- Native name: Кирил Куртев
- Church: Bulgarian Greek Catholic Church
- See: Apostolic Exarchate of Sofia
- In office: 27 April 1951 – 9 March 1971 31 July 1926 – 30 May 1941
- Predecessor: 1st: Exarchate erected 2nd: Ivan Garufalov [bg]
- Successor: 1st: Ivan Garufalov 2nd:Methodius Stratiev
- Other post: Titular Eparch of Briula (1926-1971)

Orders
- Ordination: 1 June 1914 by Michael Petkov
- Consecration: 5 December 1926 by Athanasius Khoriaty

Personal details
- Born: Kiril Stefanov Kurtev 18 June 1891 Dripchevo, Adrianople vilayet, Ottoman Empire
- Died: 9 March 1971 (aged 79) Kuklen, Plovdiv District, People's Republic of Bulgaria

= Kiril Kurtev =

Bulgarian Greek Catholic bishop

Cyril Stefanov Kurtev (18 June 1891 in Dripchevo, Ottoman Empire, today Bulgaria – 9 March 1971 in Kuklen, Plovdiv Province, Bulgaria) was a Bulgarian Greek Catholic bishop.

==Biography==
Bishop Cyril Kurtev was born into an Orthodox family in the Dripchevo village (today in Haskovo Province). In 1901 he began his studies at the elementary school at a monastery in the nearby village Mustrak, the former monastery known throughout Eastern Thrace as Monk Panteleimon.

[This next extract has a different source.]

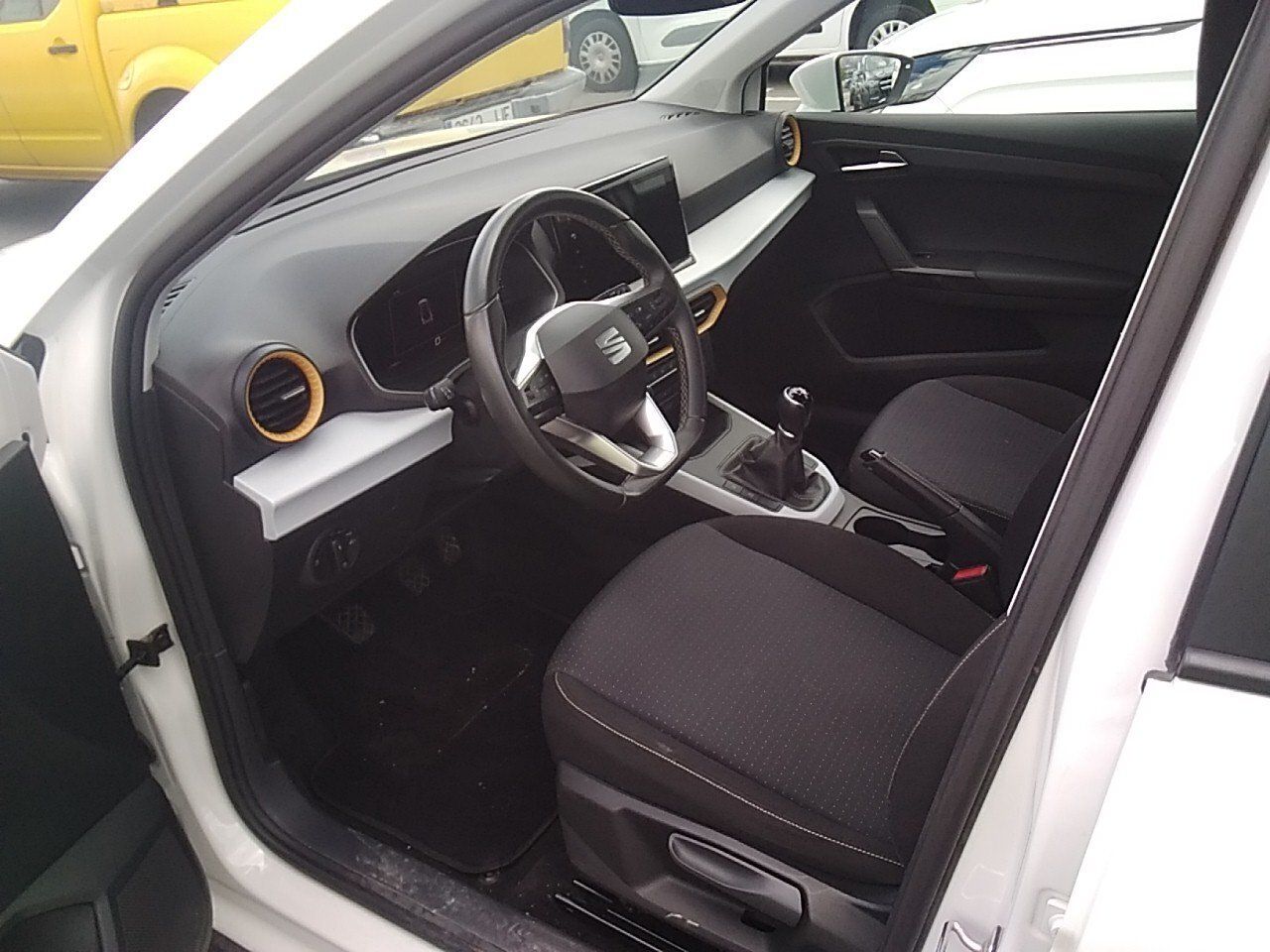 Seat Arona 1.0 Tsi 81kw (110cv) Style Xl - Foto 2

Kurtev continued his studies in Karaağaç, Edirne at the Assumptionists college fathers, where he studied until 1908. To prepare for the priesthood, Kurtev was sent to the major seminary of Saint Leo in Constantinople. On 8 September 1913 he was ordained a deacon by Archbishop Michael Mirov. On 1 June 1914 Kurtev was ordained a priest by Bishop Michael Petkov in the Cathedral of Saint Elias in Edirne. In the spring of 1924 he became assistant of Josaphat Kozarov, administrator of Greek Catholics in Bulgaria. On 23 September 1925 Mirov was appointed Acting Administrator of Bulgarian Exarchate of the Greek Catholics. On 25 July 1926 by Pope Pius XII he was appointed bishop, and the ordination took place on December 5, 1925 at the Cathedral of Saint Clement in Rome. As a symbol of his future ministry Kurtev took a new name Cyril, in honor of Saint Cyril of Thessalonica. On 30 May 1941 he unexpectedly resigned, and was replaced by Ivan Garufalov whom he personally ordained bishop. Garufalov's death of forces Cyril return to his post in 1951. At this time Kurtev remains the only Catholic bishop in Communist Bulgaria, he had to take care not only of the Greek-Catholics, and the Catholics of Latin rite of the Nikopol and Sophia-Plovdiv dioceses. In the 1960s, Bishop Kurtev took part in the II Vatican Council. On 7 March 1971 in the city of Kuklen, during the liturgy the Bishop suffered a heart attack. He died two days later.